Pereira deve ter nascido ao redor de 1580. Na sua família
um número incontável de membros do clero e de elementos
da nobreza rural e da de toga (funcionários
administrativos). Por nascimento pertence à nobreza. Em 1630
dá início à redacção dos Diálogos Morais e Políticos, texto que aborda o
passado da cidade mas também onde discute alguns problemas
económico-sociais.
Tornemos o que sobre o comércio ele pensava. Logo à
partida posições contraditórias, pelo menos em
parte: 1) é vil e contrário à virtude de
tal modo que o nome de mercador, «tão abatido pela gente
que o trata», é suficiente para desacreditar um nobre; 2) se for de pequeno trato sem dúvida que é vil,
se de grande vil será também a menos que os seus lucros
sejam obtidos sem enganos, sem mentiras e sem usuras e na agricultura
sejam investidos.
Porque lhe põe assim tantas reservas? Expressamente
não o diz mas um passo há em que refere a usura e a
cobiça como predicados dos mercadores: «sempre hão
de chupar, enganar e apanhar com no olho no interesse e proveito
próprio, pela qual razão carecem de virtude». O
que ele reprova não é, por isso, o comércio em
si. Antes os meios de que os mercadores se servem para mais depressa
enriquecerem.
E a agricultura? Porque legitima ela recorrer a métodos que
doutra forma repudiaria? Ou será que um mercador que na
agricultura invista os seus lucros a meios tão vis não
recorre? Nada como ouvir as palavras por si escritas: «certo que
diz muito bem Horácio, se queremos viver cada um segundo a
natureza pede, não há outro lugar onde mais alegremente
se possa passar a vida que em a herdade do campo que tenha
medianamente o necessário. Em outro lugar diz: bem aventurado
é aquele que, apartado dos negócios, como os primeiros
homens lavra com seus bois as terras que herdou dos seus pais, livre
dos cuidados da ganância». Das duas, uma: ou pelo regresso
ao campo porque o mercador se torna auto-suficiente não vai
jamais proceder como dantes ou quem à agricultura um dia se
dedica, tão virtuosa ela é, não poderia nunca
ter lançado mão de outra coisa que não fossem
processos não menos dignos de exemplo.
Um problema resta, contudo: porque razões o comércio
de pequeno trato por «vil e baixo» deve ser havido?

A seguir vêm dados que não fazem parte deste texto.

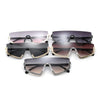 Vintage Luxury Gradient oversized  Women Metal Frame Driving sunglasses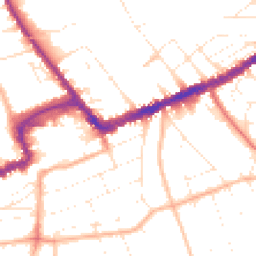 Daytime road noise heatmap for BH5 1BU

Não poderão os mercados de menos cabedais contribuir
também eles para o desenvolvimento da vida no campo? A
resposta a esta pergunta deixa-a Botelho Pereira por outras linhas:
«a necessidade pode impedir a virtude». E explica-se:
«a fortuna a muitos dá muito, mas a nenhum quanto
deseja»; ora Séneca disse, «não há que
fiar (... ) daqueles a quem engana a cobiça não lhe
dando nunca a abundância que promete».
Após esta brevíssima sondagem alguns pontos importa
sublinhar:
1.º) motivos de ordem moral determinam
2.º) as suas posições contra o
comércio e
3.º) o seu preconceito quanto aos mais pequenos
mercadores.
São atitudes de um grupo social perante outros que da sua
sociedade fazem parte. A velha nobreza, baluarte da fé, a
depreciar a burguesia mercantil e os cristãos-novos? Numa
cidadezinha de uns três milhares de habitantes até que
ponto tal mentalidade de classe traduz um movimento de profundidade?
Ou não foi a centúria de seiscentos caracterizada por
enorme agitação social? Questões a apontarem
para pesquisas ainda não realizadas!
Referência bibliográfica:
António João Cruz, «Os grupos e as ideias: um
exemplo do séc. XVII», A Voz das
Beiras, 401, 27-5-1982, pp. 2, 8 (1982).